I don’t like my desserts cloyingly sweet so I added less sugar and honey to my baklava. Greek amber honey is available at Mediterranean or Greek grocery stores. Yield is 9 pieces.
ingredients
directions
Preheat oven to 325 degrees F. Line a baking sheet with parchment paper.
In a food processor, combine the pistachios, hazelnuts, cloves, 1/4 cup of the sugar and 2 tsp. of the cinnamon.
Pulse until nuts are coarsely chopped. Set aside.
In a small bowl, stir together the remaining 2 tbsp. sugar and 1/2 tsp. cinnamon.

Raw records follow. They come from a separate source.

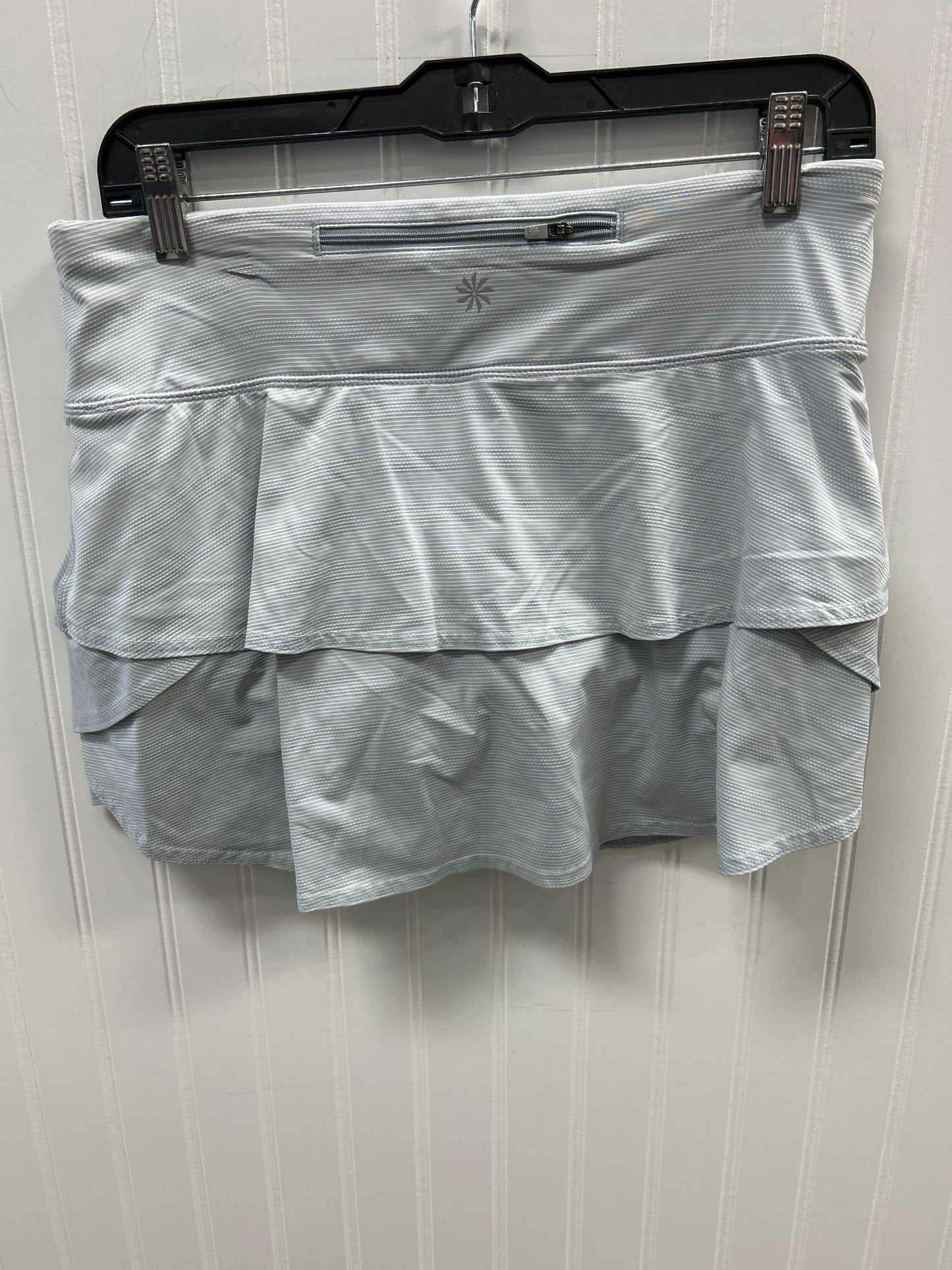 Athletic Skort By Athleta In Grey, Size:M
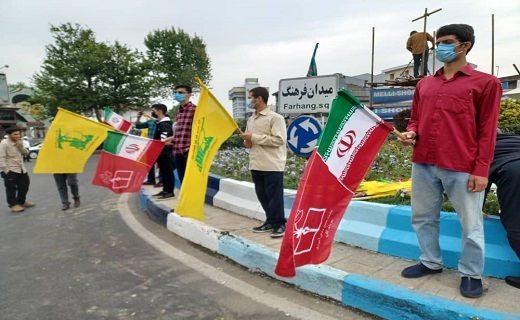 راهپیمایی روز جهانی قدس ۱۴۰۱ در گیلان راهپیمایی روز جهانی قدس ۱۴۰۱ در گیلان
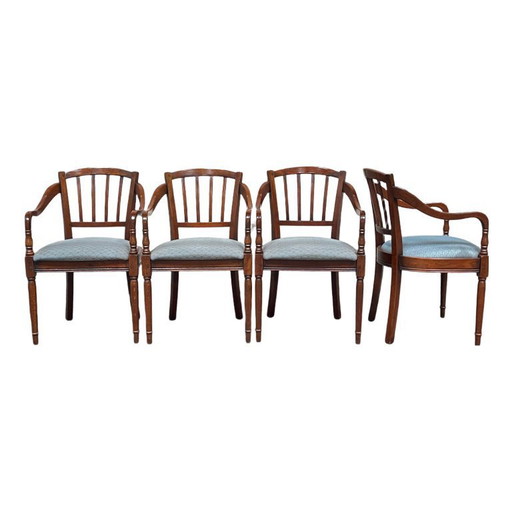 Vier Bannink-Stühle, Modell Van Gogh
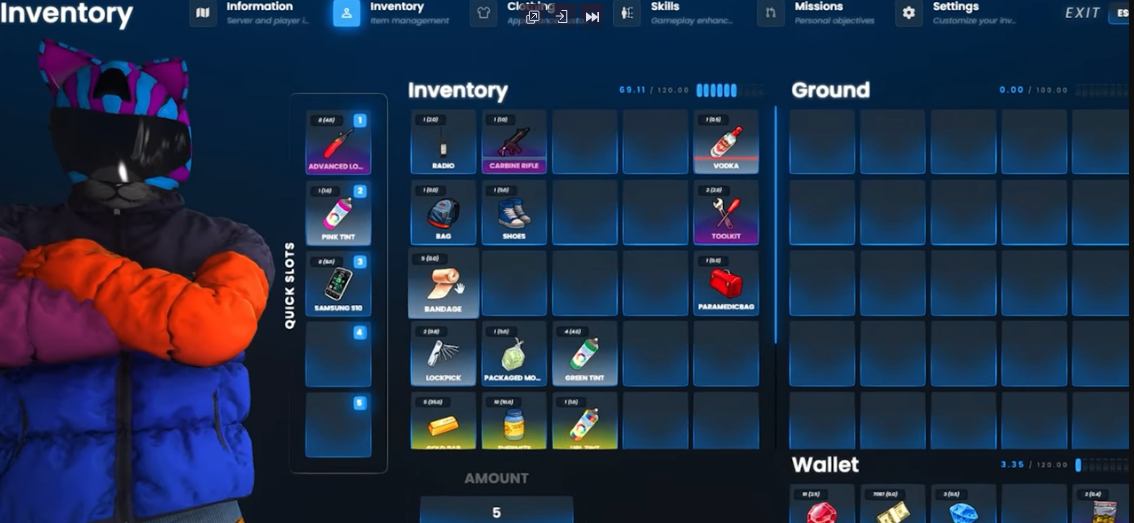 Why this inventory will shape the Future of FiveM scripts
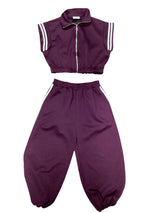Burgundy Tracksuit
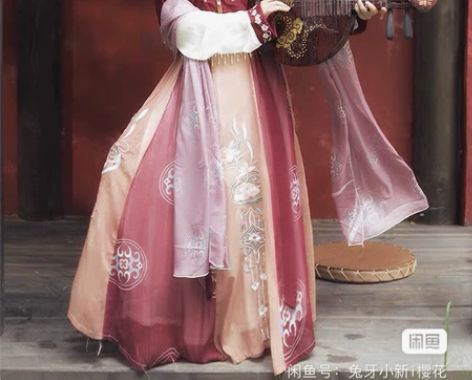 低价急出全新汉服，耀春原创汉服花瑶归唐制坦...
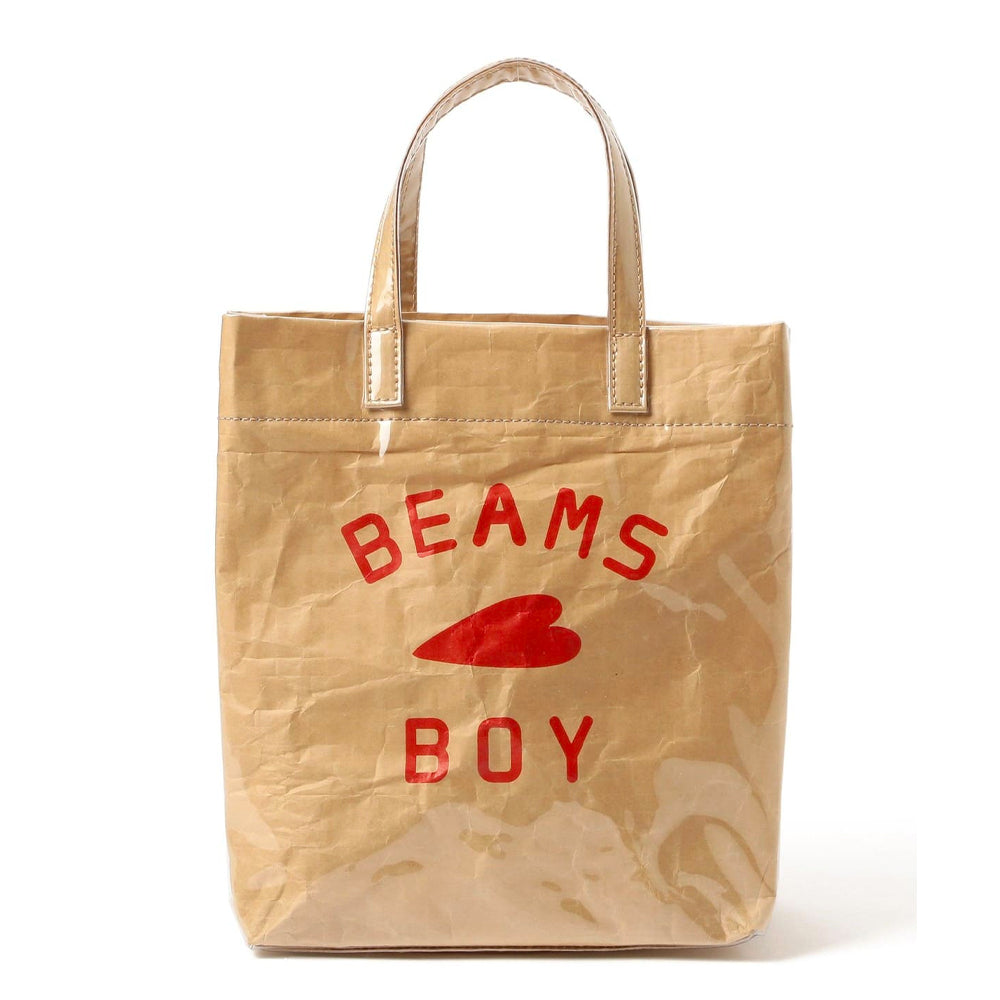 BEAMS BOY] BB LOGO SHOPPING BAG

Lay out 1 sheet of phyllo (keep remaining phyllo under a damp tea towel) and brush gently with some melted butter.
Sprinkle with a little of the cinnamon mixture.
Lay another piece of phyllo on top and repeat the brushing and sprinkling of cinnamon mixture, ending with a layer of phyllo that is only brushed with butter.
Sprinkle with nut mixture and the remaining sugar.
Roll the phyllo into a cigar shape.
Transfer the roll to prepared baking sheet and bake for about 35 to 40 minutes or until browned and crisp.
Remove from oven and cut the roll into 9 pieces.
Let cool completely.
Transfer pieces to a baking dish just large enough to hold them.
Meanwhile, prepare syrup by combining water, honey and lemon juice in a small saucepan.
Bring to a boil, stirring, and remove from heat.
Pour over cooled baklava and let stand about 30 to 90 minutes before serving for best flavour.